TPRESTART syslog messages identify correct global name and message type
Final Release Note
Type 0 and type 3 TPRESTART messages in the syslog (enabled by turning on TP restart logging) correctly report the global variable causing the restart. Furthermore, type 3 messages correctly identify themselves as type 3 messages. Previously, they could report an incorrect global variable reference, and type 3 messages were sometimes incorrectly identifed as type 2. (#207 (closed))
Description
Below is a test case that demonstrates the issue.
> setenv ydb_gbldir mumps.gld
> rm -f mumps.gld
> $ydb_dist/mumps -run GDE @tmp.com
> rm *.dat
> $ydb_dist/mupip create
> setenv gtm_tprestart_log_delta 1
> $ydb_dist/mumps -run x
If you watch the syslog while the above command runs, you will see good and bad messages like demonstrated below.
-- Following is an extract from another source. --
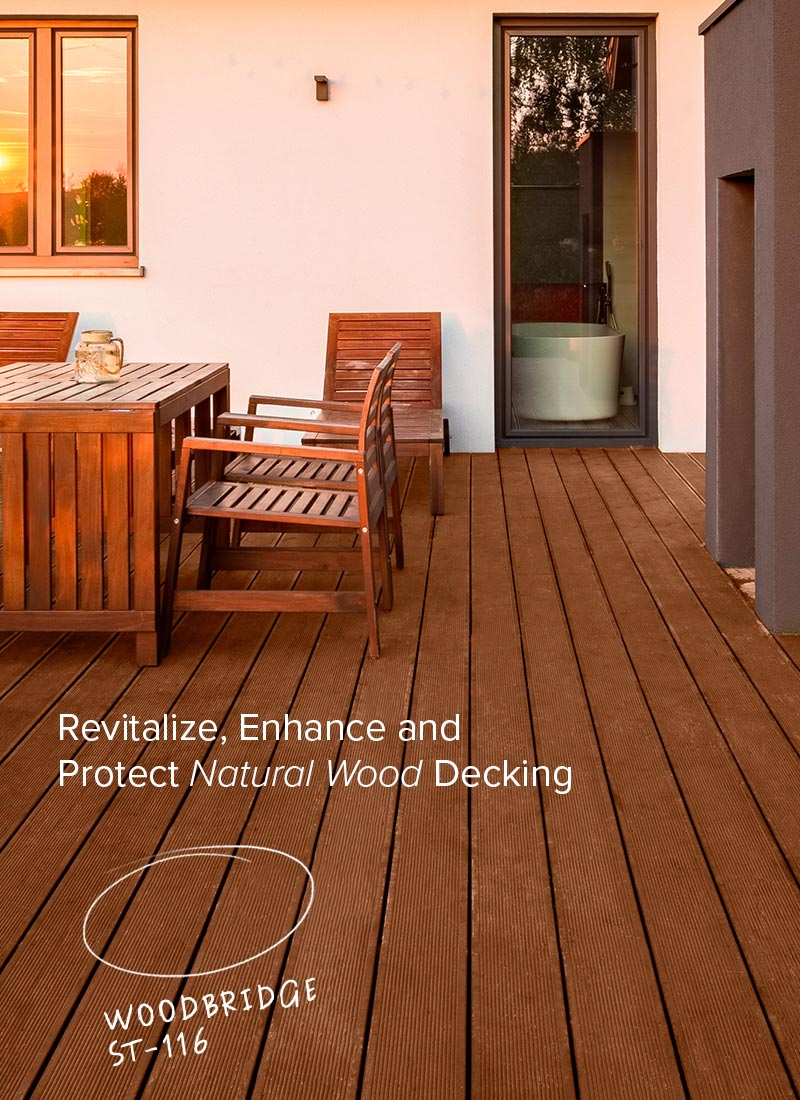 Home deck, stained in Woodbridge, Behr Premium Semi-Transparent Waterproofing Stain & Sealer.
Good message --> ^a is global name and database is a.dat which match Apr 24 11:01:57 xxxxx YDB-MUMPS[2634]: %YDB-I-TPRESTART, Database tmp/a.dat; code: L; blk: 0x00000003 in glbl: ^a(1979); pvtmods: 0, blkmods: 1, blklvl: 0, type: 4, readset: 1, writeset: 0, local_tn: 0x0000000000000294, zpos: child+4^x
Bad message --> ^b is global name and database is a.dat which do not match Apr 24 11:01:57 xxxxx YDB-MUMPS[2638]: %YDB-I-TPRESTART, Database tmp/a.dat; code: LL; blk: 0x00000003 in glbl: ^b(1981); pvtmods: 1, blkmods: 1, blklvl: 0, type: 3, readset: 2, writeset: 1, local_tn: 0x000000000000029A, zpos: child+5^x
Below are the files needed to run the above test
> cat tmp.com
change -segment DEFAULT -file=mumps.dat
add -name a -region=areg
add -region areg -dyn=aseg
add -segment aseg -file=a
add -name b -region=breg
add -region breg -dyn=bseg
add -segment bseg -file=b
add -name c -region=creg
add -region creg -dyn=cseg
add -segment cseg -file=c
> cat x.m
x
set ^stop=0,njobs=5
for i=1:1:njobs do
. set jobstr="job child^x:(output=""child_x.mjo"_i_""":error=""child_x.mje"_i_""")"
. xecute jobstr
. set job(i)=$zjob
;
; let child run for 10 seconds
hang 10
;
; signal child processes to stop
set ^stop=1
;
; wait for child processes to die
for i=1:1:njobs set pid=job(i) for quit:'$zgetjpi(pid,"ISPROCALIVE") hang 0.1
quit
child ;
for i=1:1:1000 do
. tstart ():serial
. set x=$incr(^c)
. set ^a(x)=1,^b(x)=2
. tcommit
quit
Draft Release Note
The TPRESTART message (which is recorded in the syslog when restarts happen in a TP transaction and the environment variable ydb_tprestart_log_delta/gtm_tprestart_log_delta is set to a non-zero value) indicates the correct global name that was involved in the restart. In prior versions, this could be incorrect some times (only possible when the TPRESTART syslog message had a "type:" of 0 or 3).